Re: smp dead lock of io_request_lock/queue_lock patch

From: Doug Ledford <dledford@redhat.com>
To: Bill Davidsen <davidsen@tmr.com>
Cc: Jens Axboe <axboe@suse.de>, Arjan Van de Ven <arjanv@redhat.com>,
	Peter Yao <peter@exavio.com.cn>,
	linux-kernel@vger.kernel.org,
	linux-scsi mailing list <linux-scsi@vger.kernel.org>
Subject: Re: smp dead lock of io_request_lock/queue_lock patch
Date: Thu, 15 Jan 2004 14:30:42 -0500	[thread overview]
Message-ID: <1074195041.3137.32.camel@compaq.xsintricity.com> (raw)
In-Reply-To: <4006C76B.3090206@tmr.com>

On Thu, 2004-01-15 at 12:01, Bill Davidsen wrote:
> Doug Ledford wrote:
> > On Mon, 2004-01-12 at 04:22, Jens Axboe wrote:
> > 
> >>On Mon, Jan 12 2004, Arjan van de Ven wrote:
> >>
> >>>On Mon, Jan 12, 2004 at 10:19:46AM +0100, Jens Axboe wrote:
> >>>
> >>>>... and still exists in your 2.4.21 based kernel.
> >>>
> >>>The RHL 2.4.21 kernels don't have the locking patch at all...
> >>
> >>But RHEL3 does:
> >>
> >>http://kernelnewbies.org/kernels/rhel3/SOURCES/linux-2.4.21-iorl.patch
> >>
> >>and the bug is there.
> > 
> > 
> > But in RHEL3 the bug is fixed already (not in a released kernel, but the
> > fix went into our internal kernel some time back and will be in our next
> > update kernel).  From my internal bk tree for this stuff:
> 
> "not in a released kernel..." Do I read this right? That you have a fix 
> for a critical bug and it hasn't been pushed to customers yet?

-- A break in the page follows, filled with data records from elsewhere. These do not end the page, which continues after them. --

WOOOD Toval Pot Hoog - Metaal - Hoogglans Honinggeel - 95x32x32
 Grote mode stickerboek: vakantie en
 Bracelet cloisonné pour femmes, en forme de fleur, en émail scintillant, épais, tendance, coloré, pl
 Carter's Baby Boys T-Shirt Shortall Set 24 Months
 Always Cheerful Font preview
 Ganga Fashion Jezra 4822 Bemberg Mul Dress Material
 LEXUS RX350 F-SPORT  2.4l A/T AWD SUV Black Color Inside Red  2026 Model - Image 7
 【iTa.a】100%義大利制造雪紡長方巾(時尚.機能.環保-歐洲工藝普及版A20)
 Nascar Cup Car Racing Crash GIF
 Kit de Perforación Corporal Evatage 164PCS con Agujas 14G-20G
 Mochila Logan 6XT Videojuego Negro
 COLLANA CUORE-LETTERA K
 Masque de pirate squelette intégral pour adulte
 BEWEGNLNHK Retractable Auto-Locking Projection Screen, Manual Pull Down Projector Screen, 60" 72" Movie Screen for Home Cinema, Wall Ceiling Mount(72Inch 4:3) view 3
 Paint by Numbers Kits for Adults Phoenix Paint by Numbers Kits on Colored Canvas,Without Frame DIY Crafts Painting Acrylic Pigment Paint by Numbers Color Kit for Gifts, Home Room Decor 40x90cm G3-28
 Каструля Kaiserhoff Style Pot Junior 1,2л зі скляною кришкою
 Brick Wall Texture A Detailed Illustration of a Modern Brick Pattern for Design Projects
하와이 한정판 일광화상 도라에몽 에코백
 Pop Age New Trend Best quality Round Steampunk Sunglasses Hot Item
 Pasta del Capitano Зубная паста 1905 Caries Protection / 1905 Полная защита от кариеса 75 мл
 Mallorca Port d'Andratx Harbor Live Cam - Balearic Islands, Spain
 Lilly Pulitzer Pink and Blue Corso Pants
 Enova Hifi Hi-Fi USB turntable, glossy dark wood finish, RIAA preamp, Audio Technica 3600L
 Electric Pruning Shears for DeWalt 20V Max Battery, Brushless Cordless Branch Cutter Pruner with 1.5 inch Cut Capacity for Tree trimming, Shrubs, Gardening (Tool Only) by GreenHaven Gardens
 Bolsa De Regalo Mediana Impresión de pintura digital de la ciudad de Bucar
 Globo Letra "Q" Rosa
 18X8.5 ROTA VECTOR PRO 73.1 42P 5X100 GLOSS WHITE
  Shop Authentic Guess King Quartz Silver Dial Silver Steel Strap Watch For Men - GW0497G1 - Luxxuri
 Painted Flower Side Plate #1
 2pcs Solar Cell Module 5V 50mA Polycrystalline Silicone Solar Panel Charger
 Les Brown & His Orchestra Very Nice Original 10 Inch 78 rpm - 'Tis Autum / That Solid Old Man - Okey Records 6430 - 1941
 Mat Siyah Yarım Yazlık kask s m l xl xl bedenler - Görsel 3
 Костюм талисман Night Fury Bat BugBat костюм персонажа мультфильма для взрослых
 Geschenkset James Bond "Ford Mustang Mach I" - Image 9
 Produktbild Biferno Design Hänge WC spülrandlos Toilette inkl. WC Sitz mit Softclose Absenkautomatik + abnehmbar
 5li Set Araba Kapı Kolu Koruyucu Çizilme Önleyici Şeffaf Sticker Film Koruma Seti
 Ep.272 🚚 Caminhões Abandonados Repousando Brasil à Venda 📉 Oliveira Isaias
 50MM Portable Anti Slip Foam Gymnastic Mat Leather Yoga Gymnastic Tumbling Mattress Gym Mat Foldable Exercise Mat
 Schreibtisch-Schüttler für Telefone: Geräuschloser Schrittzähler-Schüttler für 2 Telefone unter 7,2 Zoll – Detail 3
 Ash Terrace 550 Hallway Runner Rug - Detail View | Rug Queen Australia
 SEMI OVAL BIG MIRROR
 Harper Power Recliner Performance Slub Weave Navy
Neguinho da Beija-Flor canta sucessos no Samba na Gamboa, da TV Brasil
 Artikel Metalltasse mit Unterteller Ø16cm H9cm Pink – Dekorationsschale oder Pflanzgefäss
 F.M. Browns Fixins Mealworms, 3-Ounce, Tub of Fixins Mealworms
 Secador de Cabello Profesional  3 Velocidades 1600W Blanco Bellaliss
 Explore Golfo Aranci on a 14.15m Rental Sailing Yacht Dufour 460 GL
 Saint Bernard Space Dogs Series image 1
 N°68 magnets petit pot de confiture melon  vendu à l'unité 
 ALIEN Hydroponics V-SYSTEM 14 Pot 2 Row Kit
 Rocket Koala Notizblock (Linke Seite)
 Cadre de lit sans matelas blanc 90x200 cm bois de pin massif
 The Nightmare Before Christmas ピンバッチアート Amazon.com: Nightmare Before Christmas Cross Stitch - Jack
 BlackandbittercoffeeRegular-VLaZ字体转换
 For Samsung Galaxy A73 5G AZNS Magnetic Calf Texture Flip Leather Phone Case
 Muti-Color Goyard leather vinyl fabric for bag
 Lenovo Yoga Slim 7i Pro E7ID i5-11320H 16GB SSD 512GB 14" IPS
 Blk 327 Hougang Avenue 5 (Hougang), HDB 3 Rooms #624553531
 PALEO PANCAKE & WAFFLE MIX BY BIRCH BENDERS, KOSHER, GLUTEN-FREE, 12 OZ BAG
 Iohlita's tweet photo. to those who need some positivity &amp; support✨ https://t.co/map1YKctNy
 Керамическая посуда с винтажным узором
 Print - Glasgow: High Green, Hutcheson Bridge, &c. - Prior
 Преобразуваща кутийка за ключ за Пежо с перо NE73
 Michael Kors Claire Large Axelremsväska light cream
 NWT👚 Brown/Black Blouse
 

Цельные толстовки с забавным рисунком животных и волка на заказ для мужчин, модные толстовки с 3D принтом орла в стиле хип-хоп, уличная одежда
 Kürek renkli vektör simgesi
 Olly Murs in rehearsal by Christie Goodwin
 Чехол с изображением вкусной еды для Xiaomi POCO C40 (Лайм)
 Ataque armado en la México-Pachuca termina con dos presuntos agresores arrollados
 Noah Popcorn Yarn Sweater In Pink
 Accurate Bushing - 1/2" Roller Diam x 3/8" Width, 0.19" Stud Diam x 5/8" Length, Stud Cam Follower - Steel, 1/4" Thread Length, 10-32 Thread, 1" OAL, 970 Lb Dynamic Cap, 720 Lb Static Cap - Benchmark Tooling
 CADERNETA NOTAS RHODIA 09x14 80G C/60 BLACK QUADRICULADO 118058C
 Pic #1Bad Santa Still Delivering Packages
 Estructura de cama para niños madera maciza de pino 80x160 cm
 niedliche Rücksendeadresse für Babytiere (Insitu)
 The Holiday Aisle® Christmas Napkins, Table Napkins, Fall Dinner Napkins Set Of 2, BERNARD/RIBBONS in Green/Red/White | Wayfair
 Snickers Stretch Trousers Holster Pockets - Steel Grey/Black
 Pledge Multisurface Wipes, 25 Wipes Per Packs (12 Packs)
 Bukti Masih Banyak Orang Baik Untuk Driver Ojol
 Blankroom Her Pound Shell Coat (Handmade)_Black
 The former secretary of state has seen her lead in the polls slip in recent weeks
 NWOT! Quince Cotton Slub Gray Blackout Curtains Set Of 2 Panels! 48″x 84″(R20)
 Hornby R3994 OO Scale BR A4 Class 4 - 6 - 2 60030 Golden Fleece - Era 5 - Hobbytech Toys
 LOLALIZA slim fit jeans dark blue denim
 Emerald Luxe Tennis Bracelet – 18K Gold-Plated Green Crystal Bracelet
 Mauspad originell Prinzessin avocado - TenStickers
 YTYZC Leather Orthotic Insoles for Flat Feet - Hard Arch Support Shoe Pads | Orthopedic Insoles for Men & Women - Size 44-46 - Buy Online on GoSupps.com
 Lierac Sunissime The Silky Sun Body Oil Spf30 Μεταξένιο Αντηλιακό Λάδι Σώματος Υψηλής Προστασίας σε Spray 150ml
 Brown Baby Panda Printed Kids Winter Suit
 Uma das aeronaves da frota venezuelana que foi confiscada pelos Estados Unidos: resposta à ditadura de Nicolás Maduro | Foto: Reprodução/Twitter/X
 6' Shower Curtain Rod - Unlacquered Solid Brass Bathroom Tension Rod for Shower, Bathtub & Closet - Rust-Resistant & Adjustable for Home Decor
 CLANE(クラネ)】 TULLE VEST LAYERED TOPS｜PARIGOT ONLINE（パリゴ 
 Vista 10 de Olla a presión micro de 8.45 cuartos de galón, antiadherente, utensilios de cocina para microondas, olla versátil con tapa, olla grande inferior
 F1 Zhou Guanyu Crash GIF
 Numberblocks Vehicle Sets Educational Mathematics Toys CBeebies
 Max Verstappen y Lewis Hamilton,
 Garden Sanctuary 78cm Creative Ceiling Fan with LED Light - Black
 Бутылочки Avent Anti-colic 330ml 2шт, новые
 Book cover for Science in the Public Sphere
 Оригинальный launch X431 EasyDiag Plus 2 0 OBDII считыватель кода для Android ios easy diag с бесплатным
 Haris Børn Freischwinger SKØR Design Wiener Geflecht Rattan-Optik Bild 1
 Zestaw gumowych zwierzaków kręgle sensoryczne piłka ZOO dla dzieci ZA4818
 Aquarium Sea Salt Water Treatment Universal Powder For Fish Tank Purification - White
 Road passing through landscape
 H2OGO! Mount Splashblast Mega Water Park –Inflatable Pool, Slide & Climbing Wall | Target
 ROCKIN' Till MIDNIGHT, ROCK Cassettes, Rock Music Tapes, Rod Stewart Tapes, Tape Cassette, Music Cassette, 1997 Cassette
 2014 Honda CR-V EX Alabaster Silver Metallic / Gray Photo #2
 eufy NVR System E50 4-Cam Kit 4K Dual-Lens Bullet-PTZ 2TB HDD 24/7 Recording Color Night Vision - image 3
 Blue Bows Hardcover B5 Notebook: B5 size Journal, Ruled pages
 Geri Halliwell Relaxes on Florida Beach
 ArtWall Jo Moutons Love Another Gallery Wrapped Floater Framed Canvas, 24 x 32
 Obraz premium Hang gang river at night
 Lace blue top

No, you don't read this right.  We have a fix for a correctness issue
that has almost 0% chance of ever triggering in real life, has exactly 0
bug reports of it ever happening, and which has been integrated into our
tree.  Obviously, we always push new kernels to all of our customers
every time we have this situation, or about twice a day...

>  How about 
> security bugs, has the fix you pushed in RH-9.0 been push to EL customers?
> 
> > [dledford@compaq RHEL3-scsi]$ bk changes -r1.23
> > ChangeSet@1.23, 2003-11-10 17:19:54-05:00, dledford@compaq.xsintricity.com
> >   drivers/scsi/scsi_error.c
> >       Don't panic if the eh thread is dead, instead do the same thing that
> >       scsi_softirq_handler does and just complete the command as a failed
> >       command.
> >       Change when we wake the eh thread in scsi_times_out to accomodate
> >       the changes to the mlqueue operations.
> >       Clear blocked status on the host and all devices in scsi_restart_operations
> > ->    Don't grab the host_lock in scsi_restart_operations, we aren't doing
> >       anything that needs it.  Just goose the queues unconditionally,
> >       scsi_request_fn() will know to not send commands if they shouldn't
> >       go for some reason.
> >       Make sure we account SCSI_STATE_MLQUEUE commands as not being failed
> >       commands in scsi_unjam_host.
> > 
> > But, Jens is right, it's a real bug.  I just fixed it in a different
> > way.  And my fix is dependent on other changes in our scsi stack as
> > well.
> 
> Yes, thanks to Peter for that fix, nice that someone provides timely 
> fixes...

Puh-Leeze.  If you actually read the source code, you would see just how
damn near impossible this bug is.  But, since you obviously didn't, let
me enlighten you:

1)  The offending code is part of the error handler code, specifically
the section that kicks drives back into gear after recovery is complete.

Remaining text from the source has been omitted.